I just read this post by Georgina Bruce, an up-and-coming writer I admire, and it made me think of this research done by the online dating service OK Cupid on “The Mathematics of Beauty.”

Bruce said this about an experience she had with a bad review of her writing:

I once read a review about one of my stories that was so scathing, so unkind, that it stopped me writing for months. It made me frightened to write anything else, scared that more scorn and bile would be poured over my creations, terrified that this person might be right. In retrospect, it’s easy to see that this critic had some kind of personal axe to grind, but at the time, I was deeply affected.
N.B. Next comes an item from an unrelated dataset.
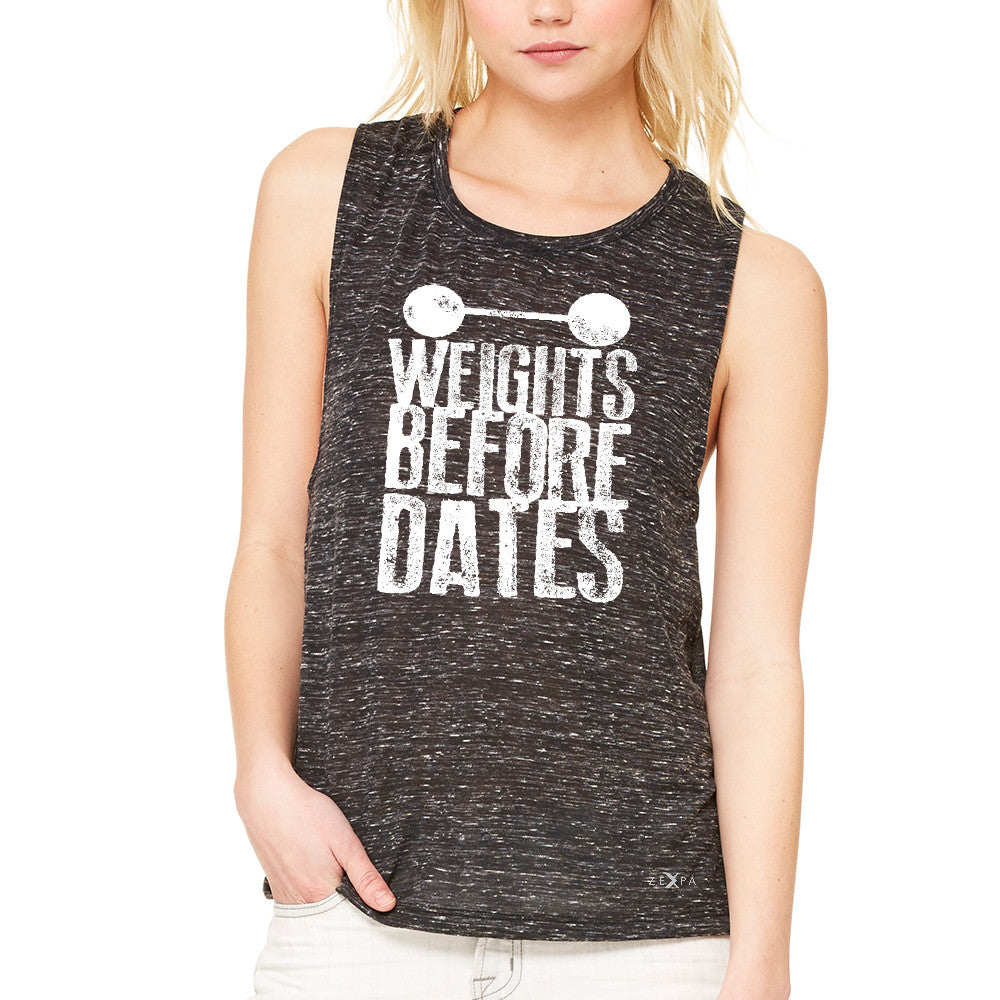 Weights Before Dates Women's Muscle Tee Cool Bodybuilding Gym Fitness Tanks - Zexpa Apparel - 3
I had a similar experience, in a fiction writing workshop waaaaay back when I was an undergraduate, which was very damaging and hurtful. It stopped me in my tracks for a long time. (It is probably not a coincidence that I switched genres to poetry and have only switched back to fiction in the past five or so years.)

Typically, we get advice from other writers that haters gonna hate, and to pick ourselves up, dust ourselves off, etc., etc., but that’s hard to do in practice.

Enter OK Cupid and their research on beauty, hotness, and number of times you get asked out. Their findings indicate:

  • that the more men as a group disagree about a woman’s looks, the more they end up liking her
  • guys tend to ignore girls who are merely cute
  • and, in fact, having some men think she’s ugly actually works in a woman’s favor

I highly recommend reading the article, because how they reached those conclusions is fascinating, but let’s assume for the moment that this is an accurate assessment of reality.

Now for the magic: let’s replace a few key words, shall we?

  • The more critics as a group disagree about a writer’s ability, the more they end up liking her work
  • critics tend to ignore writers who are merely competent
  • and, in fact, having some critics think she’s a terrible writer actually works in a writer’s favor

This kind of boils down to the homegrown wisdom that if you aren’t pissing off a few people, you probably aren’t doing your job as a writer. This may be especially true in speculative fiction, where so many people arrive with so many different expectations of the genre.

What do you think?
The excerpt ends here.